*Records for processing:*

----

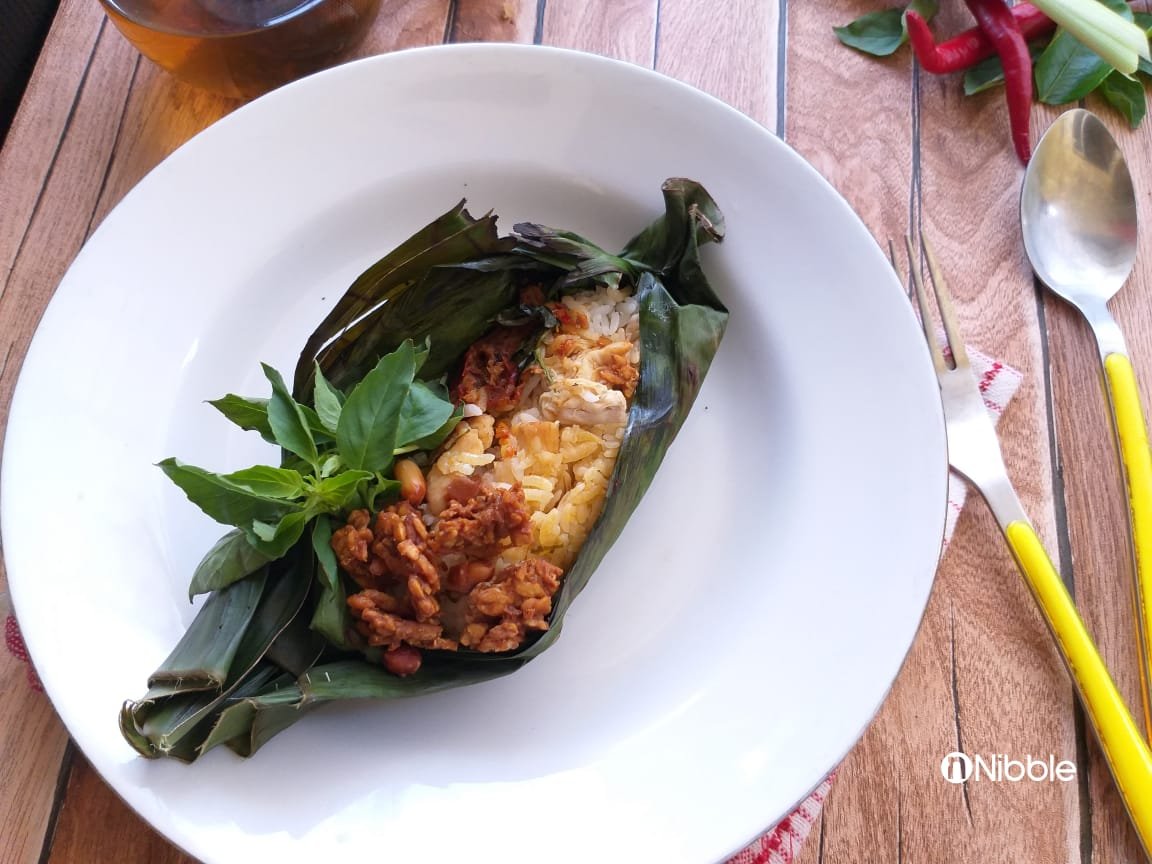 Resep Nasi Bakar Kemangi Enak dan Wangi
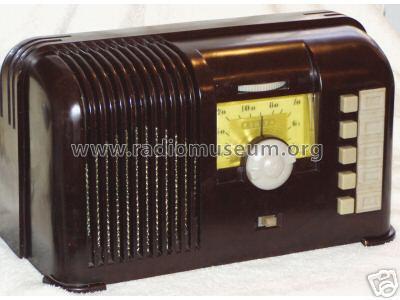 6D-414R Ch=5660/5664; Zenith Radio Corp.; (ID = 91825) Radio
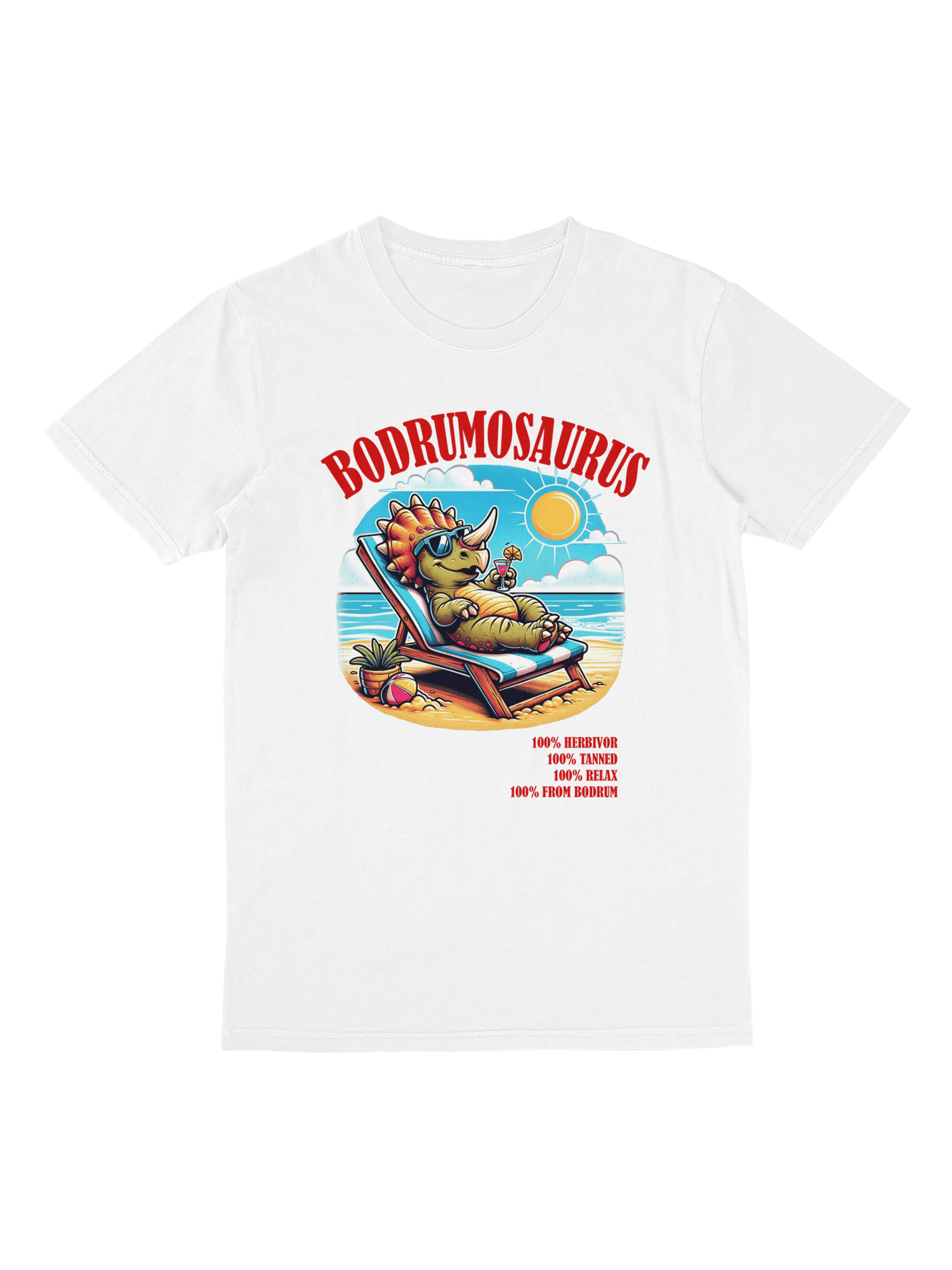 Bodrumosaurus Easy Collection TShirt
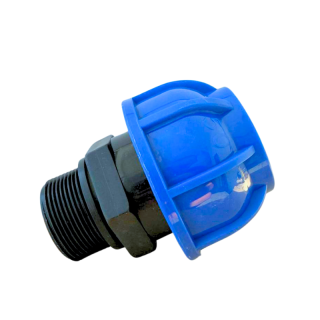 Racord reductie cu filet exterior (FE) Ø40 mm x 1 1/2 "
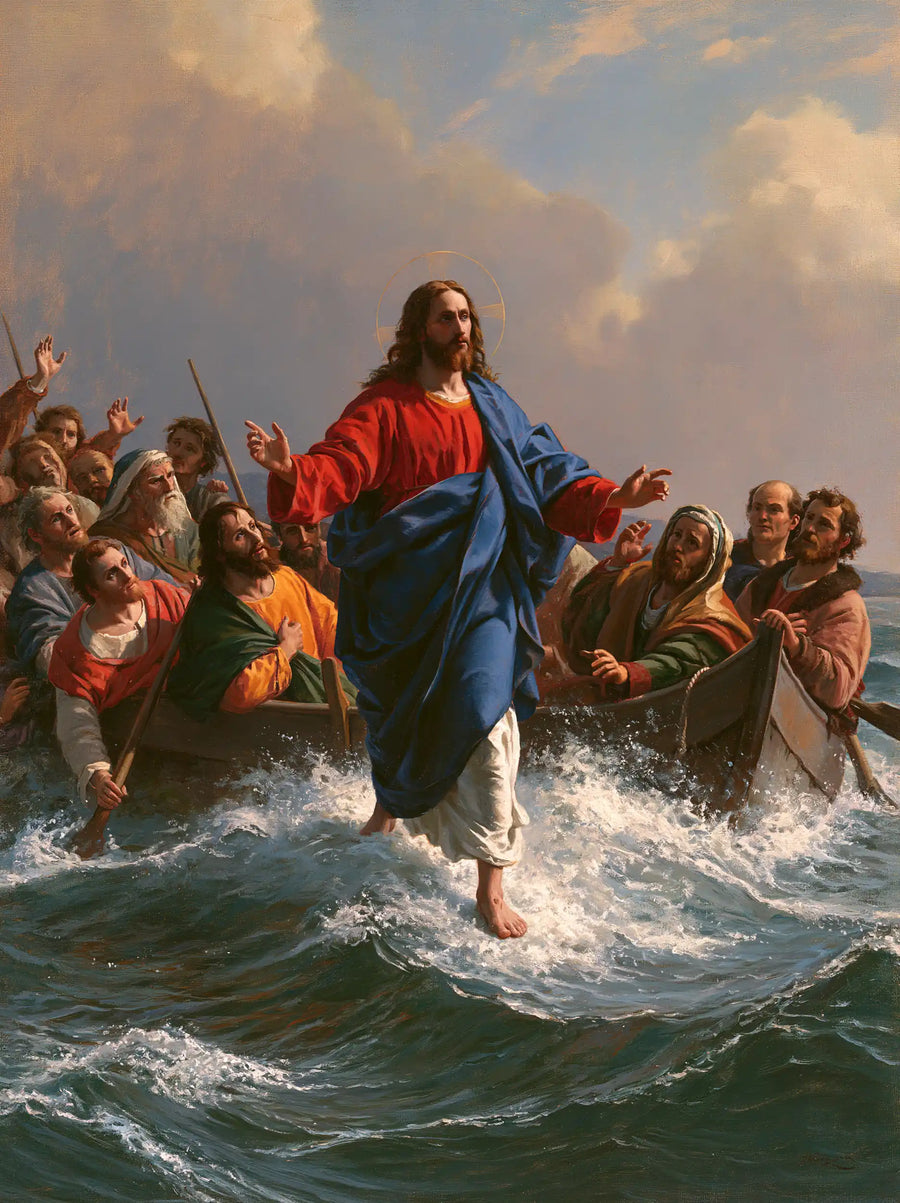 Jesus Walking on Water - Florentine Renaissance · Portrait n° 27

----

*What to do:* Your answer should be the lines from the opening of the records through the line with "Racord reductie cu", both ends retyped exactly and pictures left out.

*Answer below:*
 Resep Nasi Bakar Kemangi Enak dan Wangi
 6D-414R Ch=5660/5664; Zenith Radio Corp.; (ID = 91825) Radio
 Bodrumosaurus Easy Collection TShirt
 Racord reductie cu filet exterior (FE) Ø40 mm x 1 1/2 "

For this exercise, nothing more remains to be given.